Support code generators

kubukoz commented 2 years ago

Is your feature request related to a problem? Please describe.

Build tools generally provide ways to generate source files before compilation. scala-cli doesn't, it was previously mentioned it potentially could.

Describe the solution you'd like

Some way to run an arbitrary script before every compilation, probably configured in directives or by convention (i.e. putting a script in a ./scala-scripts directory).

The interface would be basically Unit => Unit, maybe with extra context passed as environment variables.

Some possible things I'd like to see passed:

a way to gather all the sources used in the build (e.g. :-separated list of source paths)
the path to a directory where I can output files that'll be included in the compilation. Alternatively I could write to anywhere I want and these paths would be added manually in a directive. Not sure how this would work with cross-compilation.
pwd (or something like a workspace root, in case of bsp? I don't know how exactly that protocol works though)
build metadata (in theory I could read the directives myself, but having this passed would be much better), e.g. deps, resolved scala version, target platform)

Note that this would be triggered on IDE compilations as well.

There should be a way to customize the script beyond the runnable name. Ideas:

Passing args within the directive, e.g. //> build script echo foo bar
Wrapping the script with another, and using the other script in the directive. E.g. script echow runs echo foo bar, and I do //> build script echow

Unfortunately, any kind of scripts would mean that builds can't be shared via e.g. gists. Personally I'm fine with this.

Describe alternatives you've considered

Making my own build tool wrapping scala-cli :)

Additional context

Not much to write here.

ckipp01 commented 1 year ago

Just to tie these together I just had a usecase where having something like this would have been super useful. I wrote about it in here, but to reiterate I essentially needed a BuildInfo that held the version of my app so that it could be displayed to users. Since I use a Makefile for the project I was able to make sure that any command ran a script before running the actual command to compile. This sort of works fine until you get out of the context of the Makefile. For example I just realized now that Scala Steward can no longer run on my project because of this. Having something like the approach outlined by @kubukoz would really help in situations like this.
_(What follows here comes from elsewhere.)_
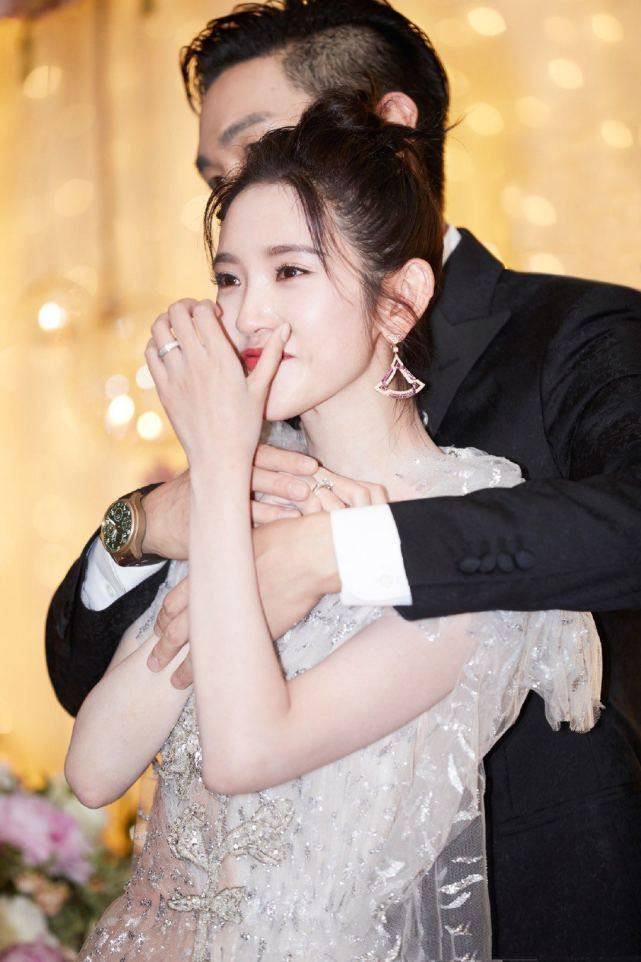 身材|唐艺昕产后首复工，身材恢复苗条，样子却变化太大让人认不出来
slabuz commented 1 year ago

Hi @kubukoz

After a little cooperation with the scala-cli team, I've come up with a proposal on how to define code generators. You can find it here https://gist.github.com/slabuz/b66432d9c71dd100d193617754c79911. In my proposal, I focused on providing a code generator for protobuf. Let me extend it with a few words of commentary.
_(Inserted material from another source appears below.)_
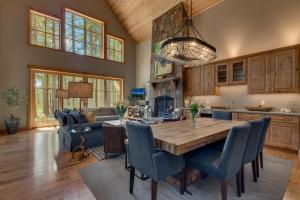 Il dispose d'une cuisine et d'un salon avec une table et des chaises en bois. dans l'établissement Truckee Treasure at Grays Crossing by Tahoe Getaways - Relaxing Home w Private Hot Tub, Dogs Welcome!, à Truckee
Where do generators come from? The idea is to include some of the popular generators in scala-cli and keep extending the library. In the final version, users will be able to provide new generators locally or from gist.

How are they written? They can be written using any version of scala, not necessarily the same as the main code version. They can use external dependencies, just like normal scala-cli code.
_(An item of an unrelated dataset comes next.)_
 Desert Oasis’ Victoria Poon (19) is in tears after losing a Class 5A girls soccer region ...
When do they run? The code generation step will be an obligatory part of the compilation process, run before it to make sure that all generated sources are in place and up to date. In addition, code generation can be triggered automatically when using code editors such as IntelliJ. For those writing code without such tools, a new step is added, scala-cli generate, as shown in the example.

How is the code structured? At this point, we have identified 2 main aspects of the generator API. The first is a way for the generator to describe itself, giving the most useful data. In my example it's just a JSON, but in the end there will be a case class definition that every generator will need to instantiate and return. The second part of the API is an actual method to generate source code, given the source file and output location.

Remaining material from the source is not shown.